(Stored data Opens)

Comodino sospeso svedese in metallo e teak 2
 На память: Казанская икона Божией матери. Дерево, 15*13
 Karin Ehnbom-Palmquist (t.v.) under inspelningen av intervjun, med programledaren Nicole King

(Stored data Closes)

Required action
Retype the data exactly as it reads.

Answer section
Comodino sospeso svedese in metallo e teak 2
 На память: Казанская икона Божией матери. Дерево, 15*13
 Karin Ehnbom-Palmquist (t.v.) under inspelningen av intervjun, med programledaren Nicole King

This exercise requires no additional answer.